La pérdida de Rafael Arozarena es desalentadora para los jóvenes escritores canarios que solían acudir a él en demanda de consejos, y para sus lectores fieles que seguían sus novelas y poemarios desde ‘A la sombra de los cuervos’, y para sus amigos que datan de los albores de la entomología en la isla, de las excursiones con lupa, frasco y mochila para catalogar bichos y dar forma a las primeras colecciones de insectos que nutrieron los fondos fundacionales del Museo de Ciencias Naturales de Tenerife. O sea, causa baja el hombre, que no su obra escrita, pero sí su obra conversada y apenas conservada en algún libro de entrevistas y entre las paredes de cafeterías como ‘Arkaba’, primer cuartel general de los fetasianos.
Arozarena escribía despacio en tiras de papeles manuscritas y por eso daba a la luz sus novelas de San Juan a Corpus, de ‘Mararía’, a comienzos de los 70, a ‘Cerveza de grano rojo’ 14 años después. No tenía prisa para adornarse de autor con cada nuevo libro-hijo, los iba pariendo de manera pausada. Echaremos de menos su sentido del humor. Isaac de Vega, su compañero de viaje de generación y cómplice de silencios, se queda solo, sin complemento. Ambos obtuvieron al alimón el Premio Canarias de Literatura. Ambos han sido nuestro Borges y Bioy Casares, y la muerte de Rafael los separa como un contrasentido.

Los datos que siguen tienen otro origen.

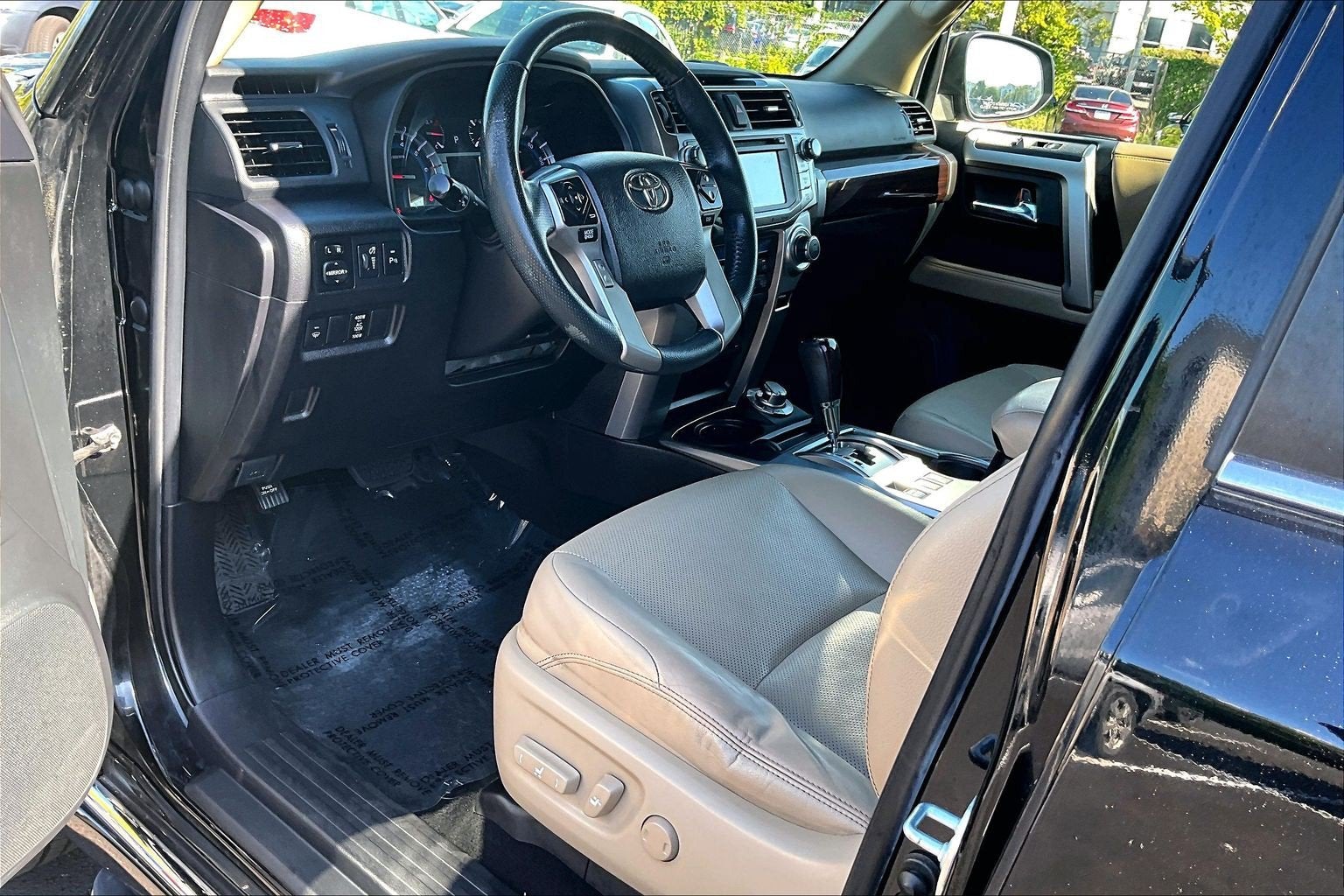 2016 Toyota 4Runner Limited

Rafael Arozarena casi se quita la vida antes de escribir ‘Mararía’. Lo asediábamos a preguntas sobre cómo era en la realidad la protagonista, María Femés, la anciana más hermosa del mundo, cuyo cuerpo, ya devastado por los años y por el viento conejero como el que doblega las sabinas herreñas, vio por primera vez pasar a su lado como si el de una joven aún sensual se tratara a lo lejos que, de cerca, bajo el luto de la falda dejara ver unos pies en realidad sarmentosos. Me contó aquella escena todavía seducido por la visión de una mujer enloquecedora. Pero la soledad de Femés, adonde la compañía Telefónica lo destinó temporalmente, lo trastornó tanto o más que las falsas caderas de una vieja irreductible, y en cierta ocasión –recordaba Rafael todavía espantado muchos años después- estuvo a punto de dejarse caer por uno de los abismos del pueblo para quitarse la vida. Se arrepintió en el último momento y luego redactó los hechos que narra la novela y la película y banda sonora de Antonio J. Betancor y Pedro Guerra.
En el bar Cervantes, frente al Teatro Guimerá, los llamaban ‘Los tres mosquiteros’, porque él y dos amigos entomólogos salían desde allí a caminar y recolectar mosquitos como unos poseídos. Le duró toda la vida la pasión por la naturaleza y en ese sentido era un ecologista de fiar. Un día lo fuimos a recoger a su casa de Bajamar para ir a un colegio a que contara a los alumnos cómo escribía historias. Contó la historia de su vida que estaba contenida en sus novelas, en sus cuentos, en sus poemas y en sus tertulias desenfadadas. ¡Qué gran tipo era! Apenas van quedando los bienhumorados en la fauna de letra impresa. Ruego encarecidamente que se editen sus textos inéditos y se reediten los ya editados. Nos conviene un pronto regreso a la obra del autor menos presuntuoso que he conocido.